1930'lu yıllarda "Dinsiz Atatürk" yalanının ortaya atıldığı görülüyor. Dinsiz olarak tanıtılmaya çalışan Atatürk'ün Meclis'te yapmış olduğu bir konuşmasında Filistin'e sahip çıkışı takdire şayandır:
"Biz şimdiye kadar dinsiz ve İslamiyet'e lakayt olmakla itham edildik. Fakat bu ithamlara rağmen Peygamberin son arzusunu yani mukaddes toprakların daima İslam hakimiyetinde kalmasını temin için hemen bugün kanımızı dökmeye hazırız. Cetlerimizin, Selahattin'in idaresi altında, uğuruna Hıristiyanlarla mücadele ettikleri topraklarda yabancı hakimiyet ve nüfusunun altında bulunmasına müsaade etmeyeceğimizi beyan edecek kadar Allah'ın inayeti ile kuvvetliyiz." (Prof.
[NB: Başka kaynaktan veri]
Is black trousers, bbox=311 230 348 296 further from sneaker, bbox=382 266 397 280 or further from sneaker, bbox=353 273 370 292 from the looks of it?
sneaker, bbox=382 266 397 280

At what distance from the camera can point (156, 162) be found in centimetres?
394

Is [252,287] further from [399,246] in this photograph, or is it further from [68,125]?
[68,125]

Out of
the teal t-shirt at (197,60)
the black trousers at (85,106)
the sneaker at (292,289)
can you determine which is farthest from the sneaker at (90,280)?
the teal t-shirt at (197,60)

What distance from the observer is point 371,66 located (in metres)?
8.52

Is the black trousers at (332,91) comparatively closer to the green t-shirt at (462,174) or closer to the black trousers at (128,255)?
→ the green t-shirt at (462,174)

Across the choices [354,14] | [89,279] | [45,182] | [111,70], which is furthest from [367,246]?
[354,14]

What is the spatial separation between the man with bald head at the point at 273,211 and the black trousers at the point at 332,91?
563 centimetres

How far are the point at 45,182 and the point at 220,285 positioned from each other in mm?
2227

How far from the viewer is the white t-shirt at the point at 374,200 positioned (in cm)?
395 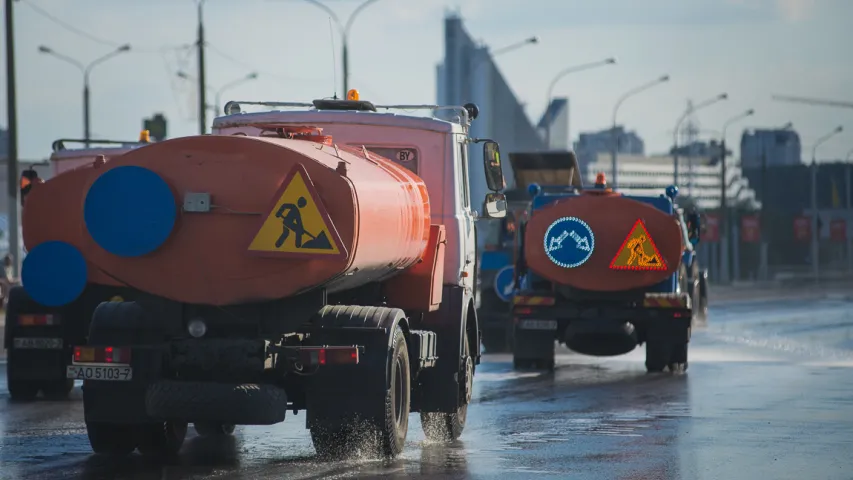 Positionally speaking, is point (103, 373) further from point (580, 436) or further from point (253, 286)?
point (580, 436)

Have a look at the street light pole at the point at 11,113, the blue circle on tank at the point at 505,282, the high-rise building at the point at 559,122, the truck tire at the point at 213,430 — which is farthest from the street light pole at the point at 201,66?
the high-rise building at the point at 559,122

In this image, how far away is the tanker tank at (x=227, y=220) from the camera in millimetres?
10336

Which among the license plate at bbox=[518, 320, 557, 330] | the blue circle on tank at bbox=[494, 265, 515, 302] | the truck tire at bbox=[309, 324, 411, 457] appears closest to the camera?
the truck tire at bbox=[309, 324, 411, 457]

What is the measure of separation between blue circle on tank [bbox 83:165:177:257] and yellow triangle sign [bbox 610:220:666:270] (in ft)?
33.8

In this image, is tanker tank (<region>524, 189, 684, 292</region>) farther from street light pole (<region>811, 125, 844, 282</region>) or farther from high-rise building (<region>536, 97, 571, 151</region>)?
high-rise building (<region>536, 97, 571, 151</region>)

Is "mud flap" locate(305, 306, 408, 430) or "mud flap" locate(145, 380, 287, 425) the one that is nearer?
"mud flap" locate(145, 380, 287, 425)

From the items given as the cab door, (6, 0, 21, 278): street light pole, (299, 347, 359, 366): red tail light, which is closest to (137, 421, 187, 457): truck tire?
(299, 347, 359, 366): red tail light

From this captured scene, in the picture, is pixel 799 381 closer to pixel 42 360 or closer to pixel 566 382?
pixel 566 382

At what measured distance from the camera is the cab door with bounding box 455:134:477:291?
13469mm

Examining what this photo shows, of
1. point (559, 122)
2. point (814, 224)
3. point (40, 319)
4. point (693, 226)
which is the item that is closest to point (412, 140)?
point (40, 319)

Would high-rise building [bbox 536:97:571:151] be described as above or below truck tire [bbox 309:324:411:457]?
above

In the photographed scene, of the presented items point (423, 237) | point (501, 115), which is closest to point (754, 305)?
point (423, 237)

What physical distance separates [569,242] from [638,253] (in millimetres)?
854

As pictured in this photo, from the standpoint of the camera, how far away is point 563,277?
20.3 m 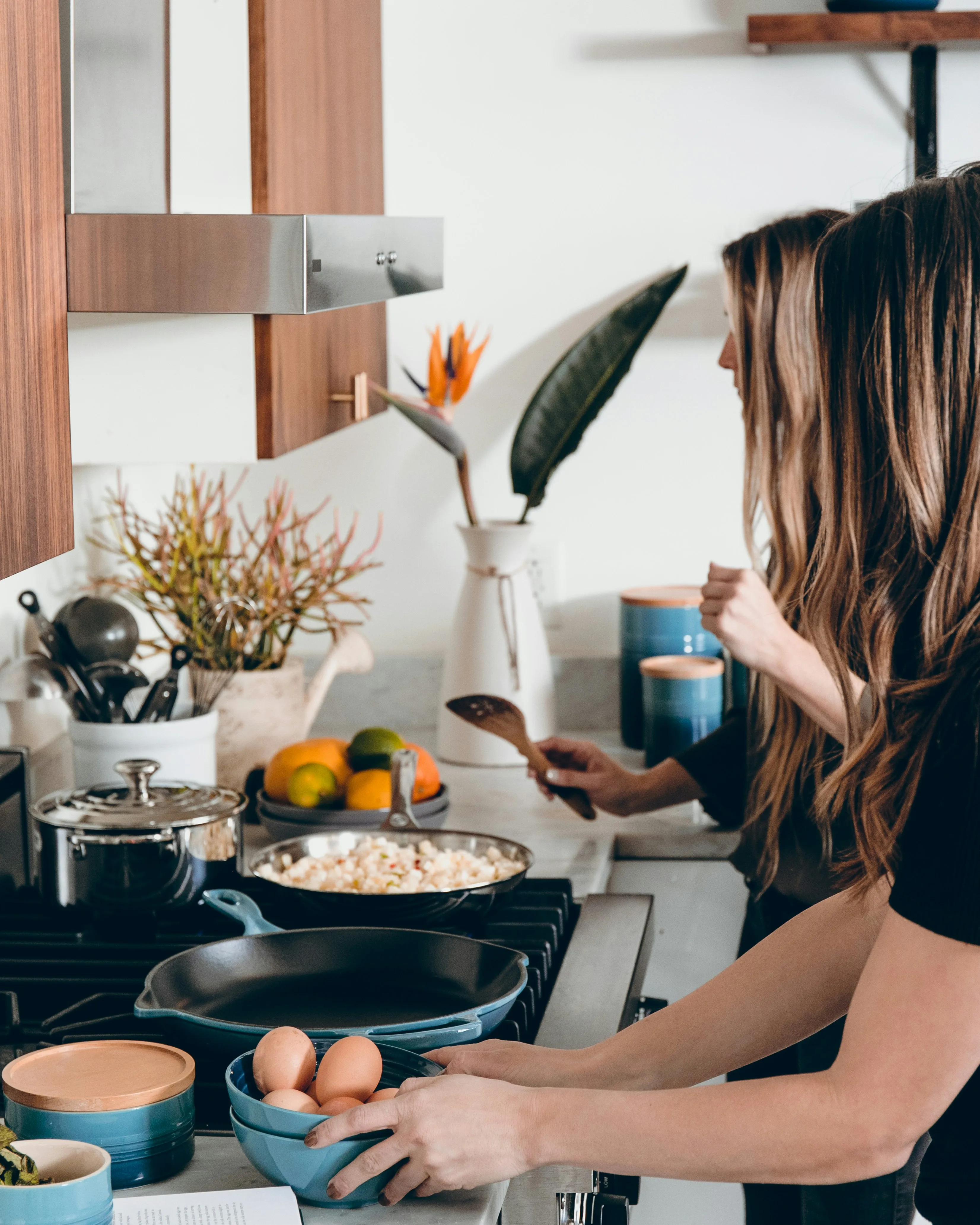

Dr. Haydar Baş, Hoş Geldin Atatürk eseri, s.27/28)
Atatürk'ün Meclis'te yapmış olduğu konuşma belgelerle mevcut. Dinsiz olarak gösterilen Atatürk dinimizce kutsal sayılan Mescid-i Aksa'nın Müslüman elinde kalması için gerekirse bu uğurda savaşacağını Meclis'te dile getiriyor. 6 Ekim'de İsrail'in Kudüs'teki Sulh Mahkemesi'nin Yahudilerin harem-i şerif'te, "Sessizce yaptıkları ibadetin suç sayılmayacağına" hükmetmişti ve bu karar tarihte ilktir. Türkiye başta olmak üzere İslam ülkelerinin hiçbirinden Atatürk gibi kararlı, savaşı göze alacak bir tepki gösterilmedi.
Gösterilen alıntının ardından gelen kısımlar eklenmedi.